The agency said that the reductions under its proposal would be “comparable” to the Obama rule but “achieved in a legal and reasonable manner.” While the Clean Power Plan aimed to cut carbon emissions 32 percent below 2005 levels by 2030, the Trump plan sets no national benchmark.

By comparison, the Trump plan will cut carbon dioxide emissions from 2005 levels by 0.7 to 1.5 percent by 2030.

The United States is the second-largest emitter of greenhouse gases after China. The Clean Power Plan was intended to be the cornerstone of America’s pledge under the Paris Agreement on climate change, under which nearly 200 nations vowed voluntary measures to rein in emissions.

Gina McCarthy, who led the E.P.A. under Mr. Obama, said that the Trump proposal “makes a false promise that we can actually return to coal as our major and compelling source for energy production, which is simply not the case,” she said. “This kind of signal setting does absolutely nothing to maintain the United States leadership.”

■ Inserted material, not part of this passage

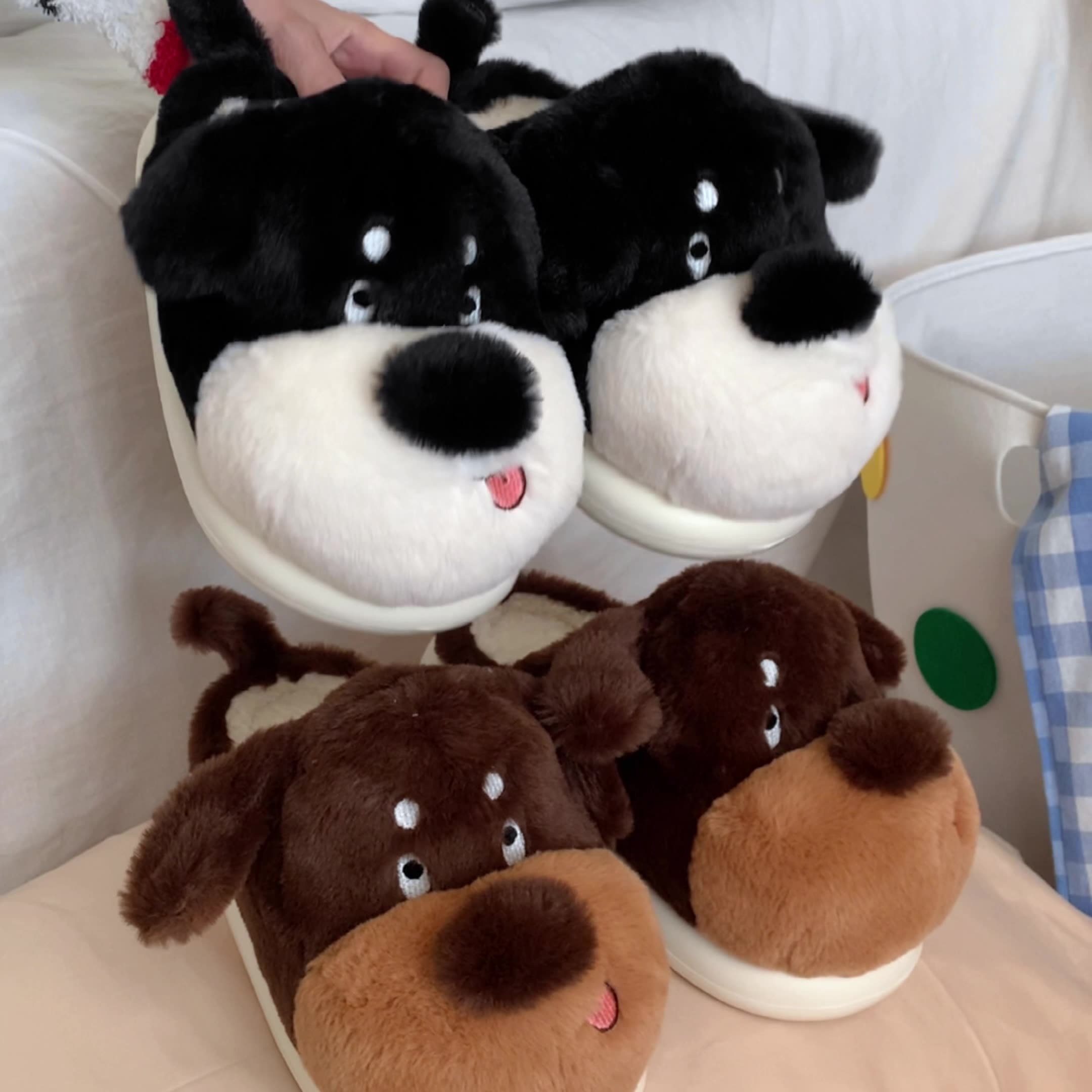 Cute animal Slippers for women Girls Fashion Kawaii Fluffy winter Warm women cartoon cute dog shoes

The Clean Power Plan was finalized in 2015 but 29 states and the coal industry sued to stop the plan, arguing the federal government had exceeded its authority to regulate emissions. The United States Supreme Court stayed the rule and it never went into effect.

Since taking office, Mr. Trump has rolled back a number of his predecessor’s key climate change regulations, most recently freezing fuel efficiency requirements for the nation’s cars and trucks. In recent weeks he has harkened back to his days on the campaign trail, contrasting his embrace of coal miners with the position of his opponent, Hillary Clinton, who said in a 2016 campaign appearance in West Virginia, “We’re going to put a lot of coal miners and coal companies out of business.” Mrs. Clinton later apologized for her comment.

“You remember Hillary with the coal, right, sitting with the miners at the table? Remember? That wasn’t so good for her,” Mr. Trump said at a campaign fund-raiser last week.